Creator’s Project: London Square Turned Into Kaleidoscopic Audiovisual Light Show

Flat Iron Square in south London was transformed into an immersive light show with deadmau5 providing accompanying audio.

On Wednesday night Flat Iron Square in south London was transformed into an immersive light show with deadmau5 providing accompanying audio. Marcus Lyall, from ML Studio who do tour visuals for the Chemical Brothers, was the creative director behind the project which he described as “like putting on a musical in the street”.

The show took the live music experience and mapped it onto the surfaces and textures that make up a typical street. Every conceivable surface was utilised from windows, trees, street lights, glowing wheelie bins, parked cars and mopeds, even fruit sat outside on a stall. It all became a visual component lighting up in time with the beats. Added to this visual synthesizer was some theatrics, like forklift trucks carrying mirror balls and a mock resident appearing in the window in their dressing gown, shaking their fist at the partygoers and pretending to call the council about the noise.

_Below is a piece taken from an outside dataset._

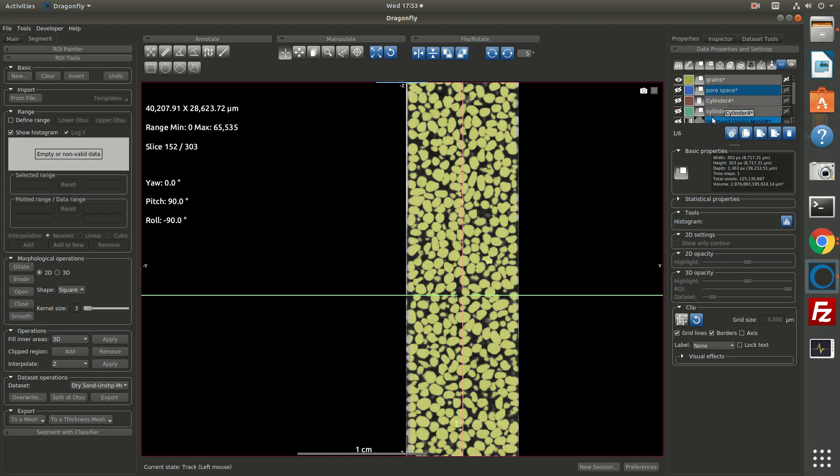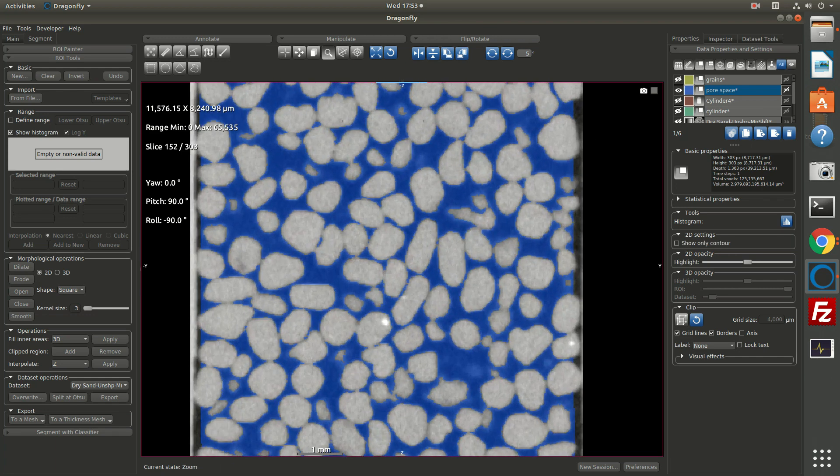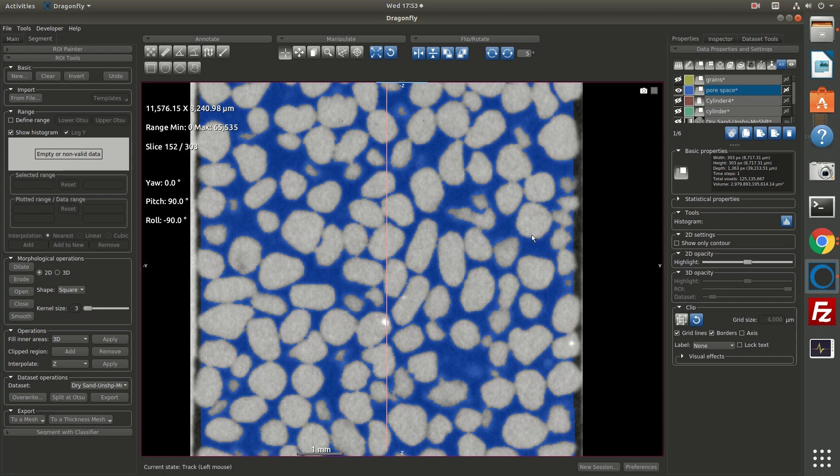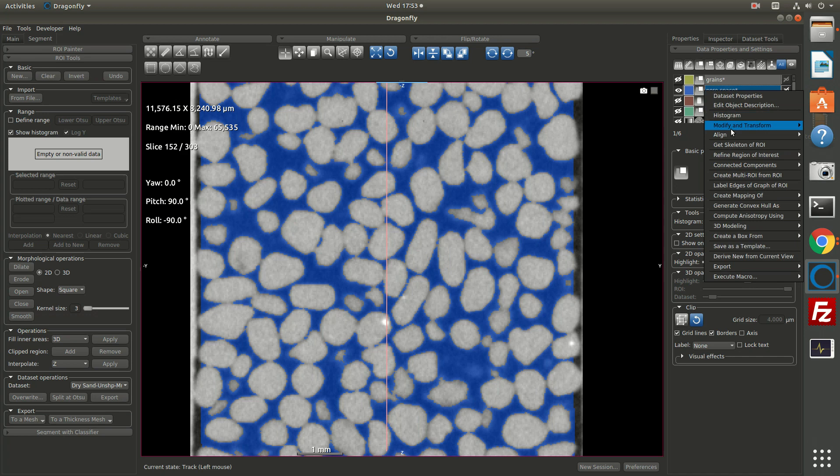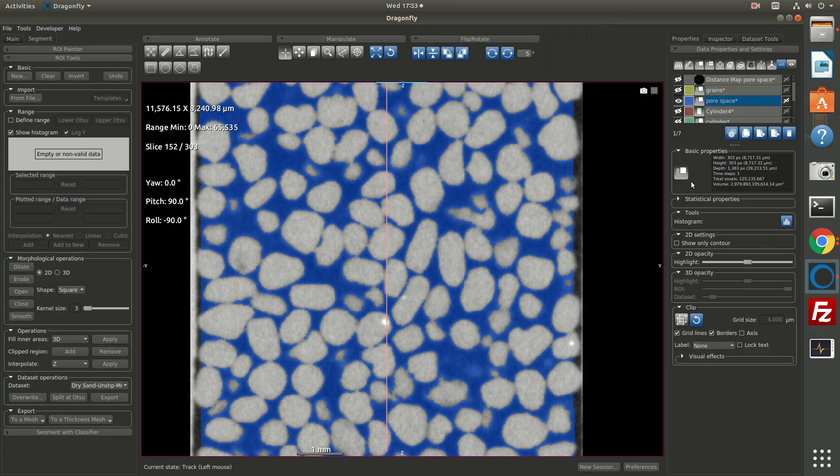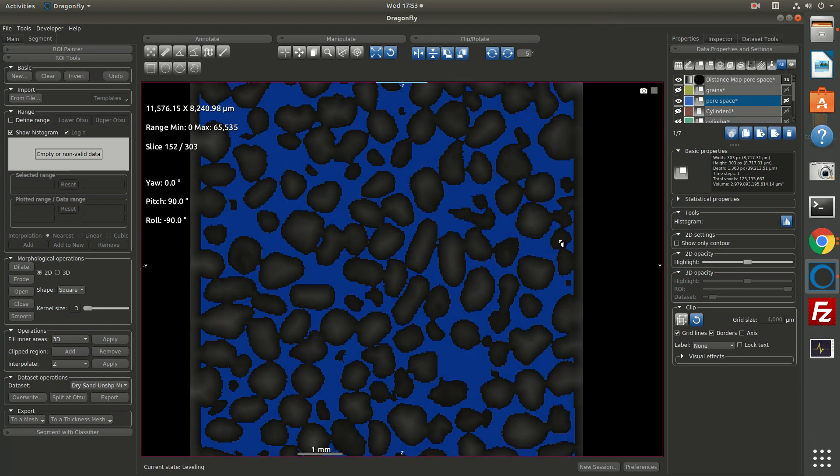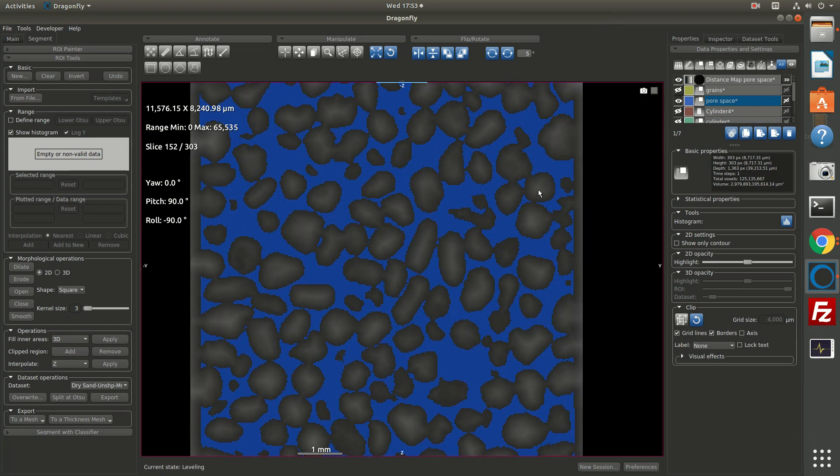Now what I'll do next is I would like to separate these grains. The first step in doing that is I'm going to use the pore space ROI and create a distance map. That is, I want a distance map of how far is every pixel from the pore space. I can right click on pore space and ask for create mapping of and choose a distance map. So this creates a distance map. And if we want to look at it, I can increase the brightness. So you can see we have a distance map.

Lyall says the performance was influenced by immersive theatre group Punchdrunk, where everyone has a different experience depending on where they are. “What impressed me about Punchdrunk is that you had lots of incredibly small details and then this big vision as well”, Lyall told me on the phone. “So it means your experience changes depending on where you are. Some people are gonna get one bit and others are gonna get the fact that the fruit outside the newsagent was lighting up, while others got the grand view from the back. So it creates a very different experience and one of the nice things about that is people afterwards start comparing notes—and although you were there you didn’t see everything.”

Screen shots from the custom app they used to visualise the show—a low-res model of the square, with all props in place.

Their approach was to create the visuals—a mixture of lighting and projection—using animation running all the lighting cues through video. So instead of using lighting programmers they used animators, breaking the songs down into their stems, then animating the lights to the music. They got some custom software written which allowed them to animate everything using MIDI, then created QuickTime movies which is what they used to drive the lights. It was a similar technique to what Lyall used on the Chemical Brothers last tour. The idea was there was no actual video content per se, instead they use projectors as a lighting source so they could mask off different parts of the buildings.